### What to produce:
Print the data verbatim. Leave every image out.

--- Exercise data Enclosed Below ---

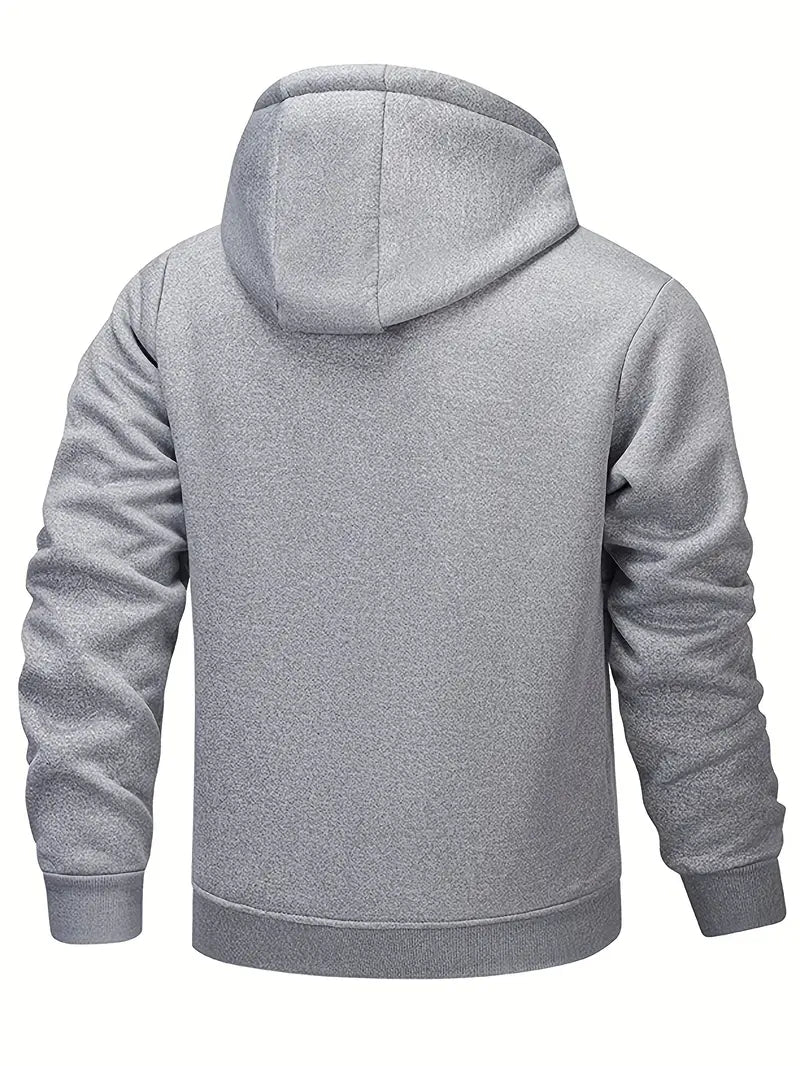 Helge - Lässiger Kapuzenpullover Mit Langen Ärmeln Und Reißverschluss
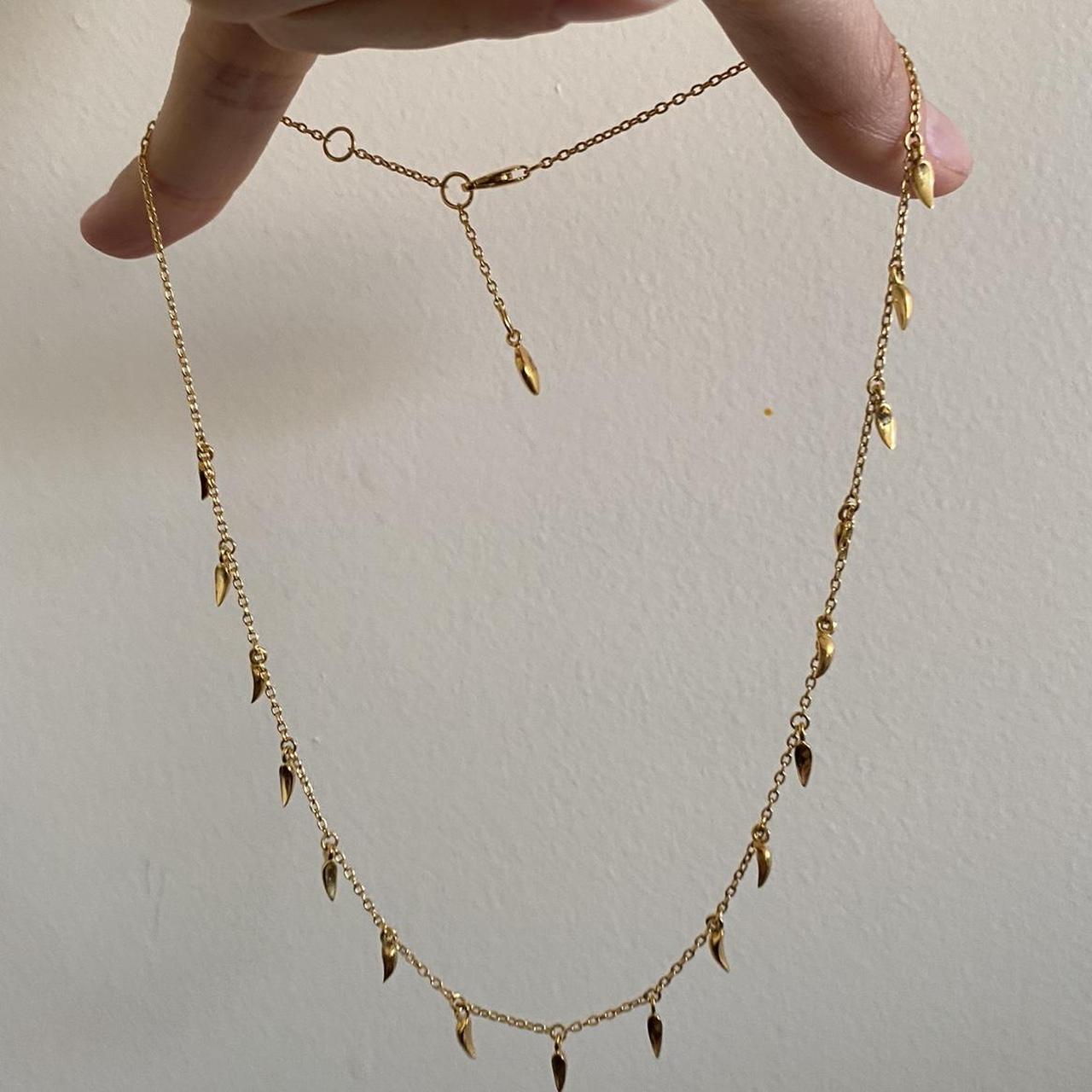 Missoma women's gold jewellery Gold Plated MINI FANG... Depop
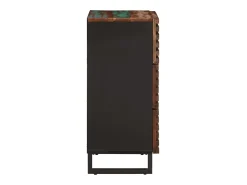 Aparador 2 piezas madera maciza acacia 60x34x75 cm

--- End of Enclosed Exercise data ---

### Response area:
 Helge - Lässiger Kapuzenpullover Mit Langen Ärmeln Und Reißverschluss
 Missoma women's gold jewellery Gold Plated MINI FANG... Depop
 Aparador 2 piezas madera maciza acacia 60x34x75 cm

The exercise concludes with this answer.